2. Partridge shall use the Loan proceeds to buy $2,600,000.00 worth of mortgage or deed of trust notes secured by first priority mortgages or deeds of trust on residential real estate (the "Mortgages").
3. In order to secure the Loan, Partridge agrees to grant Mt. Vernon a deed of trust on the 216 unit apartment/condominium project located in Howard County and known as Partridge Courts (the "Premises"). This deed of trust shall be subordinate to any acquisition/construction/conversion loan, secured loans by MIW and Friendship, seller financing (Dreyfuss) and a 1971 Dreyfuss note to MIW in the approximate principal balance of $4,823,000.00.
4. In consideration of Mt. Vernon making the above Loan to Partridge, Friendship Services, Inc. ("Friendship") agrees to assign to Mt. Vernon a fifty (50%) percent participation in the profits to be received, if any, by Friendship in Partridge.
5. Partridge and Mt. Vernon shall promptly enter into a loan agreement and security agreement, in form and substance satisfactory to the parties and their respective counsel, embodying the above terms, 1-3.
6. Friendship shall enter into an assignment agreement, in form and substance satisfactory to Friendship, Mt. Vernon, and their respective counsel, embodying the above terms set forth in No. 4.
7. The parties to enter into, no later than January 22, 1982, the above agreement.
8. This memorandum shall be binding upon the parties hereto and their successors and assigns.
Partridge Associates and American Housing contend that the Memorandum of Understanding was no more than an agreement to agree and, as such, was unenforceable. In support of this argument, they rely upon Grooms v. Williams, 227 Md. 165, 175 A.2d 575 (1961), Helferstay v. Creamer, 58 Md. App. 263, 473 A.2d 47 (1984), and First National Bank of Maryland v. Burton, Parsons Co., 57 Md. App. 437, 470 A.2d 822, cert. denied, 300 Md. 88, 475 A.2d 1200 (1984).

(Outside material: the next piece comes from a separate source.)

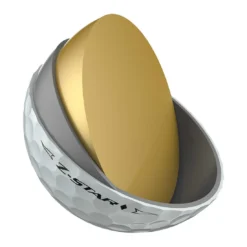 Srixon Z-Star Diamond 2 Golf Balls -Pum Golf Club Shop srixon z star diamond 2 golf balls cutout itempicture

The cases cited by defendants do indicate that courts will not order the parties to negotiate under an agreement to agree or convert into a binding contract what is in reality no more than an agreement to agree by adding a critical contract term which has been left unresolved by the parties. These cases might be controlling here if this case were simply one in which the parties had entered into the Memorandum of Understanding, and one of them thereafter had sought specifically to enforce it. That is not all that is involved, however. What Partridge Associates and American Housing ignore is that, after the Memorandum of Understanding was executed, Russell delivered to Fry 2.6 million dollars worth of mortgages for which Mount Vernon was never paid and which Partridge Associates used as security for its loan from MIW. These facts clearly differentiate the present case from Grooms, Helferstay and First National Bank.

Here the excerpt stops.